TASK BRIEF
Find the line that contains "اتاق استاندارد, Vintage". Repeat that line and all lines following it, exactly, through the end of the listing below.

MATERIALS PROVIDED: Begin

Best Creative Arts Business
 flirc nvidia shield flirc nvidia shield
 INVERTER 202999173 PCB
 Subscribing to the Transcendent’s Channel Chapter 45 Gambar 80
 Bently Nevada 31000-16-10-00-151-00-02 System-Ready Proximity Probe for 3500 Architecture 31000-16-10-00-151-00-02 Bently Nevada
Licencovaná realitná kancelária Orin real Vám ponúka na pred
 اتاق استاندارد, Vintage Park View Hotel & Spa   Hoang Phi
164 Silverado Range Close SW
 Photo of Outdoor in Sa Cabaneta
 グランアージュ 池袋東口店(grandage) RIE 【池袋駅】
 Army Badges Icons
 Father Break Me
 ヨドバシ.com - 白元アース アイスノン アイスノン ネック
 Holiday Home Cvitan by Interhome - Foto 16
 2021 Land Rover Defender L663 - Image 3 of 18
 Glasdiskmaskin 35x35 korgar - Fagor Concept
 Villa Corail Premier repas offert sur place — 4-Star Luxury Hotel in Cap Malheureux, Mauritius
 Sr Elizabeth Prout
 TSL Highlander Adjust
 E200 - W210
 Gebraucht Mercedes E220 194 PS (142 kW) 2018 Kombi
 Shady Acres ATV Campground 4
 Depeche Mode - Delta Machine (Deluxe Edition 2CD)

MATERIALS PROVIDED: End

RESULT OF THIS TASK
 اتاق استاندارد, Vintage Park View Hotel & Spa   Hoang Phi
164 Silverado Range Close SW
 Photo of Outdoor in Sa Cabaneta
 グランアージュ 池袋東口店(grandage) RIE 【池袋駅】
 Army Badges Icons
 Father Break Me
 ヨドバシ.com - 白元アース アイスノン アイスノン ネック
 Holiday Home Cvitan by Interhome - Foto 16
 2021 Land Rover Defender L663 - Image 3 of 18
 Glasdiskmaskin 35x35 korgar - Fagor Concept
 Villa Corail Premier repas offert sur place — 4-Star Luxury Hotel in Cap Malheureux, Mauritius
 Sr Elizabeth Prout
 TSL Highlander Adjust
 E200 - W210
 Gebraucht Mercedes E220 194 PS (142 kW) 2018 Kombi
 Shady Acres ATV Campground 4
 Depeche Mode - Delta Machine (Deluxe Edition 2CD)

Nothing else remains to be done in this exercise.